What the task asks
State how many lines in the listing below contain the word "Photo", and write nothing else.

┄┄┄┄┄┄

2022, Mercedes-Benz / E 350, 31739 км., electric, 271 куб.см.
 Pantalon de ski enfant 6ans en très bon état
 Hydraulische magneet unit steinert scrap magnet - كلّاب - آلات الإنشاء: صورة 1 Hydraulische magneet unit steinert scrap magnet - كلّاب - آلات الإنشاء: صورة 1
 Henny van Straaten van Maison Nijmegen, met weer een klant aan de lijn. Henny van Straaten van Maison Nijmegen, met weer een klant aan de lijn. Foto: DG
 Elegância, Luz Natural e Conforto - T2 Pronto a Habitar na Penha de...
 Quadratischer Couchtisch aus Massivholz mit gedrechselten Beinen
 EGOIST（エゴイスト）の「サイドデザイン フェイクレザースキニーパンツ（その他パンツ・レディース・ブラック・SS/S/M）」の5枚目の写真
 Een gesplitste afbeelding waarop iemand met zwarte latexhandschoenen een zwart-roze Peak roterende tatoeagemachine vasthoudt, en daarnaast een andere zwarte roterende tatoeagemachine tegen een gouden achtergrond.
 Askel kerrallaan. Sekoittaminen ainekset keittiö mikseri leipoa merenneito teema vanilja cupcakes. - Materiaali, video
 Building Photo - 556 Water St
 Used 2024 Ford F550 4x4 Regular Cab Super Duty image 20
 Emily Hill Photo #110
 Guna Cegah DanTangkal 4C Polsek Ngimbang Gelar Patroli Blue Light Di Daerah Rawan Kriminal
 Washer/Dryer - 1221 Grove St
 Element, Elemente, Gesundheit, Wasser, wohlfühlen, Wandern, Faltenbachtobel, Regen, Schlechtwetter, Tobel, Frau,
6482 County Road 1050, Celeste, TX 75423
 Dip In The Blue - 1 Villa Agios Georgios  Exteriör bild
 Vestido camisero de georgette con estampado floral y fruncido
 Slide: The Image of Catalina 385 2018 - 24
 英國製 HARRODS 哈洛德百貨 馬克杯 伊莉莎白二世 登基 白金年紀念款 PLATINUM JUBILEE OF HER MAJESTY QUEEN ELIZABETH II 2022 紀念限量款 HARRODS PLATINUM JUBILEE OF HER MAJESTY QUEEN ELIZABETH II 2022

┄┄┄┄┄┄

Result of the task
2